[Captioned web image data]
|---|

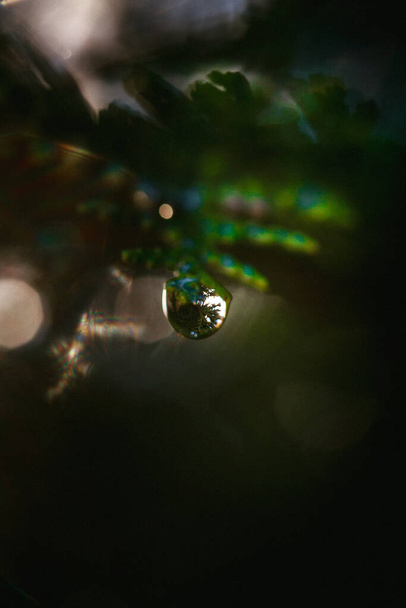 A closeup shot of waterdrops on thuja with artistic bokeh and sun flare - Foto, afbeelding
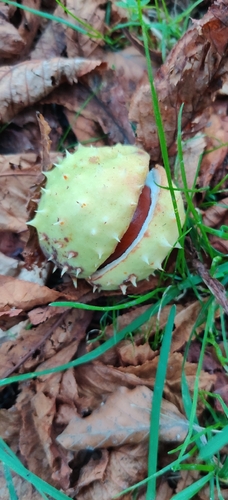 horse-chestnut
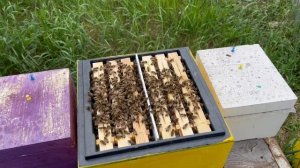 Мини+ в работе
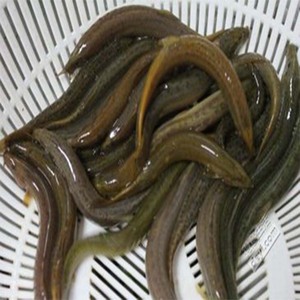 泥鳅苗野生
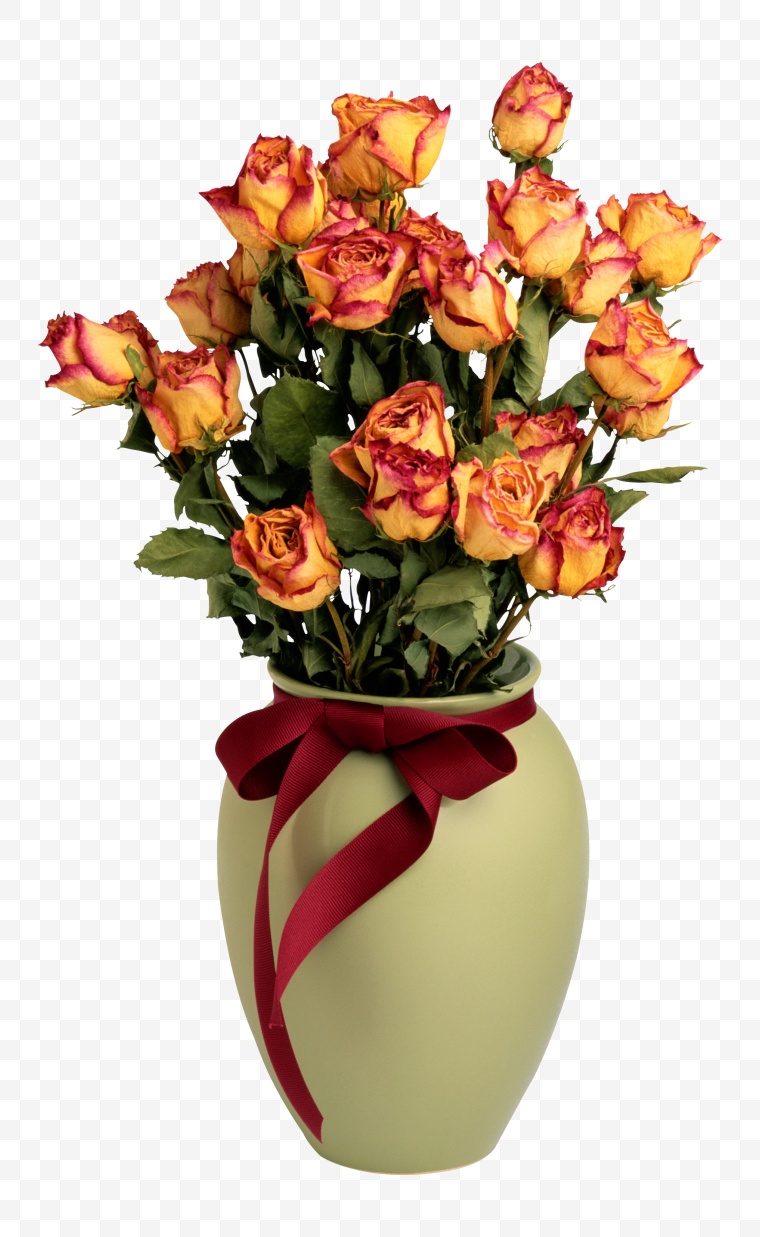 橙色的玫瑰 玫瑰花 花 花瓶 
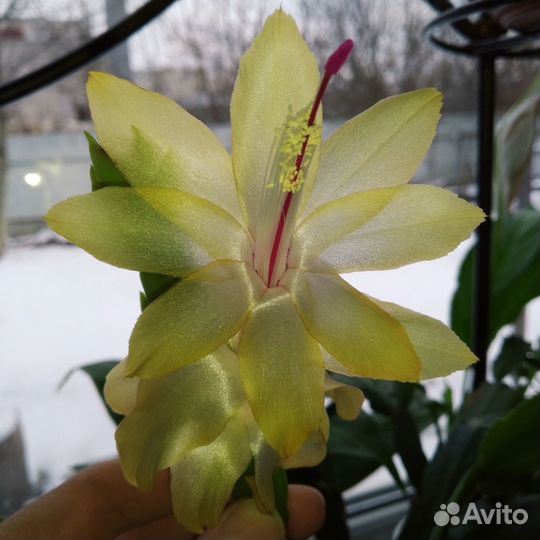 Декабрист Шлюмбергера Зигокактус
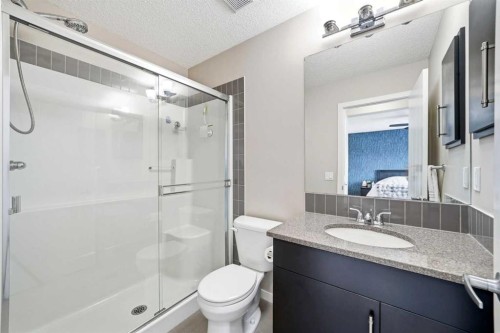 157 Fireside Circle Nw, Cochrane, AB - Indoor Photo Showing Bathroom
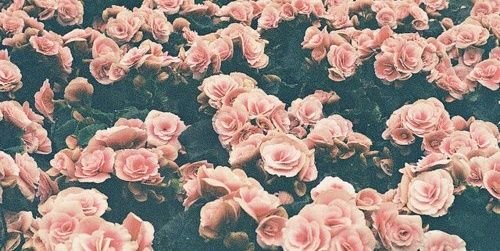 val_reyess's profile banner image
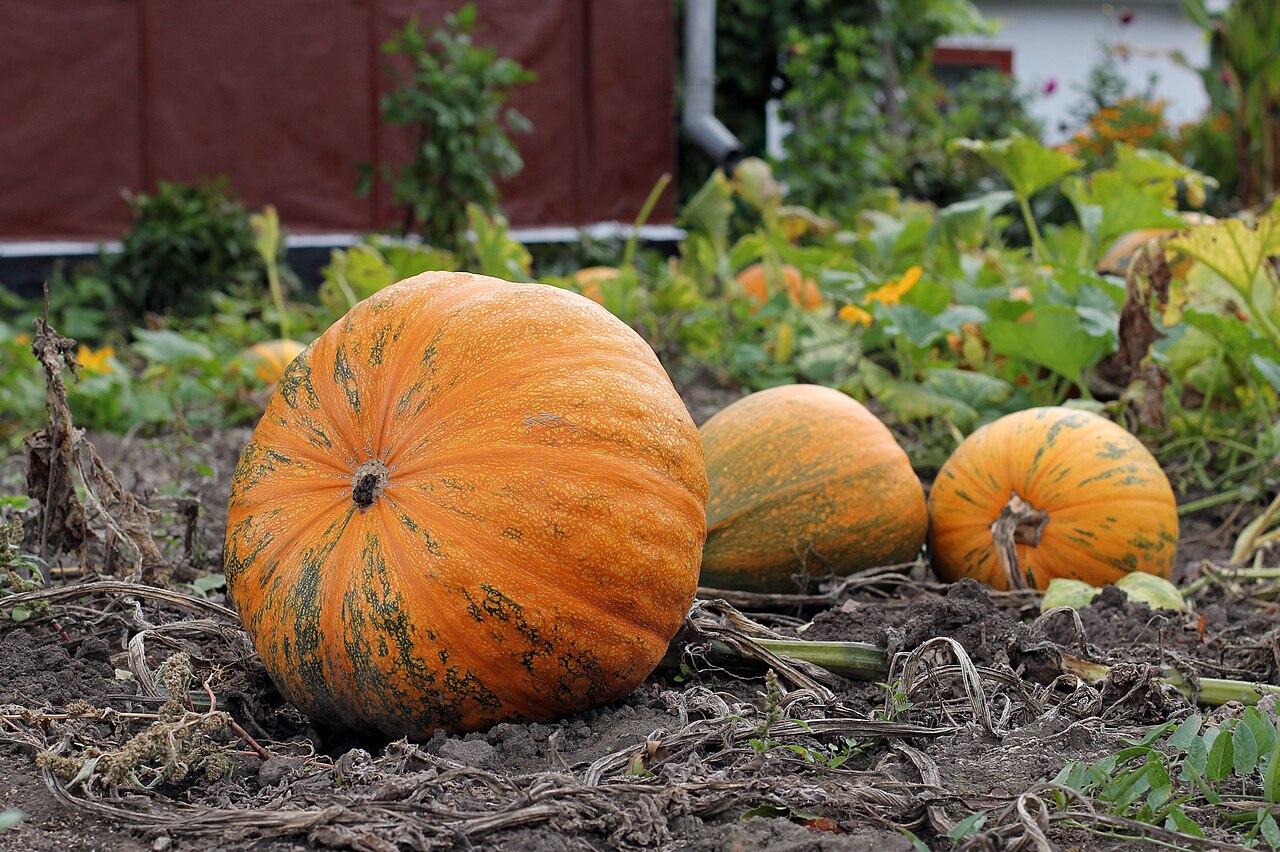 Mehrere erntebereite Kürbisse in einem Garten
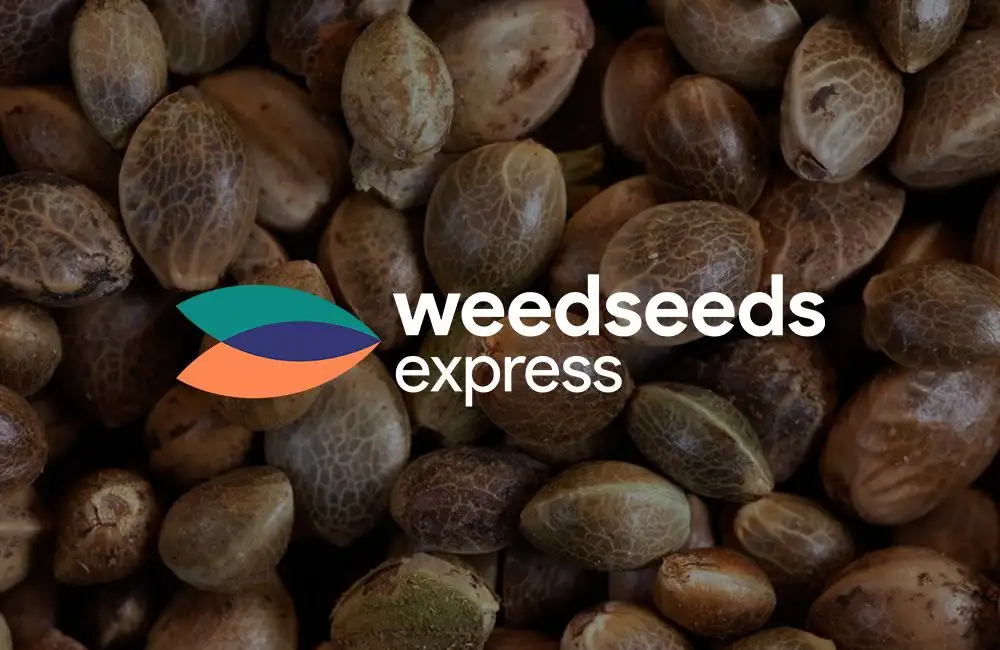 WeedSeedsExpress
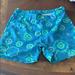 The North Face Shorts | Brand New North Face Shorts | Color: Blue/Green | Size: S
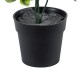 GloboStar® Artificial Garden ANUBIA BARTERI 20390 Τεχνητό Διακοσμητικό Φυτό Ανούμπια Υ30cm GloboStar® Artificial Garden ANUBIA BARTERI 20390 Τεχνητό Διακοσμητικό Φυτό Ανούμπια Υ30cm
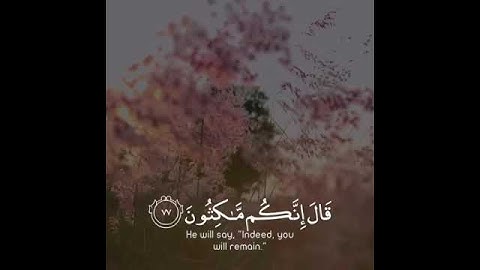 ونادرا يامالك ليقض علينا ربك || احمد خضر || سورة الزخرف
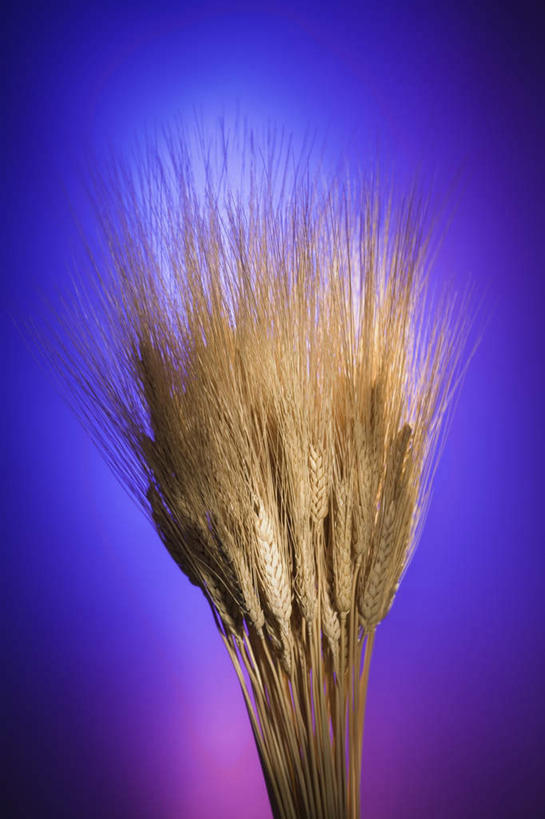 无人,竖图,室内,特写,白天,正面,农作物,小麦,朦胧,模糊,谷物,黄色,摄影,麦子,影棚,彩图,影棚拍摄,拍摄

|---|

The task: Without the pictures, give the entries above back exactly.

Expected answer:
 A closeup shot of waterdrops on thuja with artistic bokeh and sun flare - Foto, afbeelding
 horse-chestnut
 Мини+ в работе
 泥鳅苗野生
 橙色的玫瑰 玫瑰花 花 花瓶 
 Декабрист Шлюмбергера Зигокактус
 157 Fireside Circle Nw, Cochrane, AB - Indoor Photo Showing Bathroom
 val_reyess's profile banner image
 Mehrere erntebereite Kürbisse in einem Garten
 WeedSeedsExpress
 The North Face Shorts | Brand New North Face Shorts | Color: Blue/Green | Size: S
 GloboStar® Artificial Garden ANUBIA BARTERI 20390 Τεχνητό Διακοσμητικό Φυτό Ανούμπια Υ30cm GloboStar® Artificial Garden ANUBIA BARTERI 20390 Τεχνητό Διακοσμητικό Φυτό Ανούμπια Υ30cm
 ونادرا يامالك ليقض علينا ربك || احمد خضر || سورة الزخرف
 无人,竖图,室内,特写,白天,正面,农作物,小麦,朦胧,模糊,谷物,黄色,摄影,麦子,影棚,彩图,影棚拍摄,拍摄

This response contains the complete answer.